Group Relief allows members of a group of companies to transfer certain Corporation Tax (CT) losses to other members of the group. For example, Company A can surrender a loss to Company B of the same group. The transferred loss reduces the amount of CT that Company B must pay.
Two companies are considered to be group members if either:
- Company A is a 75% subsidiary of Company B
- Company A and B are both 75% subsidiaries of a third company.
In both scenarios the parent company must:
- own at least 75% of the subsidiary’s ordinary share capital, with certain disregards of ownership
- be beneficially entitled to at least 75% of any profits available for distribution to equity holders
- be beneficially entitled to at least 75% of any of the subsidiary’s assets available for distribution to equity holders in a winding up.

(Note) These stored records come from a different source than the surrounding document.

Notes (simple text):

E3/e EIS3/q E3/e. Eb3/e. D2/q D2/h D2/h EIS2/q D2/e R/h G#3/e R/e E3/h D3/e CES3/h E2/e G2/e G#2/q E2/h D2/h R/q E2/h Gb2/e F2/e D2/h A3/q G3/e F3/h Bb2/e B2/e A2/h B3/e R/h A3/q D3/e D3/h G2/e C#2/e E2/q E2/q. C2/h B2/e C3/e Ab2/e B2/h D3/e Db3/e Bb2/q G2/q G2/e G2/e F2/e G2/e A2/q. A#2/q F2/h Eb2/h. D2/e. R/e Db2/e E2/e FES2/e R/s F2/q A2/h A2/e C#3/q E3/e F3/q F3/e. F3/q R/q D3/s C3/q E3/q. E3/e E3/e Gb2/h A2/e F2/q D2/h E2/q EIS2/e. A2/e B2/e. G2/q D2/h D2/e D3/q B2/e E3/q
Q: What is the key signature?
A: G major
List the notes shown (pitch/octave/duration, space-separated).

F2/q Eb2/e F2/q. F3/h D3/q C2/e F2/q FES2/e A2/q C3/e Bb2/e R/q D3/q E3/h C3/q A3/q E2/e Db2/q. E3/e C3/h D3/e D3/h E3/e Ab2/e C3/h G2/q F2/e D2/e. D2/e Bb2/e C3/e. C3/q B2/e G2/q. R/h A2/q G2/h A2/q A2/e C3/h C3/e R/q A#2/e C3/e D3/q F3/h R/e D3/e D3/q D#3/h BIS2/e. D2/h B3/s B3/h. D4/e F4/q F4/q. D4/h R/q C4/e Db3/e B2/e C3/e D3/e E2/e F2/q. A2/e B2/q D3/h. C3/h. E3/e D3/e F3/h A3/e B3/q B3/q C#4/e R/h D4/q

Group Relief is generally available between Irish resident companies and branches of foreign companies within the charge to Irish tax. In certain limited circumstances, an Irish resident parent company may claim Group Relief on losses incurred by a direct 75% subsidiary resident in another country. The other country must be a European Union (EU) or European Economic Area (EEA) state which has a double taxation agreement with Ireland.
Under Group Relief, members of a group can transfer and receive relief on:
- current year trading losses
- excess charges on income
- excess management expenses, in the case of investment companies
- Case V excess capital allowances.
Group Relief may be claimed:
- as an offset against relevant trading income
- on a value basis against relevant corporation tax
- as a deduction against total profits of an excepted trade for that accounting period.
A company must claim Group Relief within two years from the end of the surrendering company’s accounting period to which the claim relates. The surrendering company must consent in writing that they allow the claim.
Group Relief will be restricted if the tax returns of the surrendering company or the company claiming the Group Relief are filed late.
If the accounting periods of the companies do not match, or where a company joins or leaves a group, then the relief will be restricted on a time apportioned basis.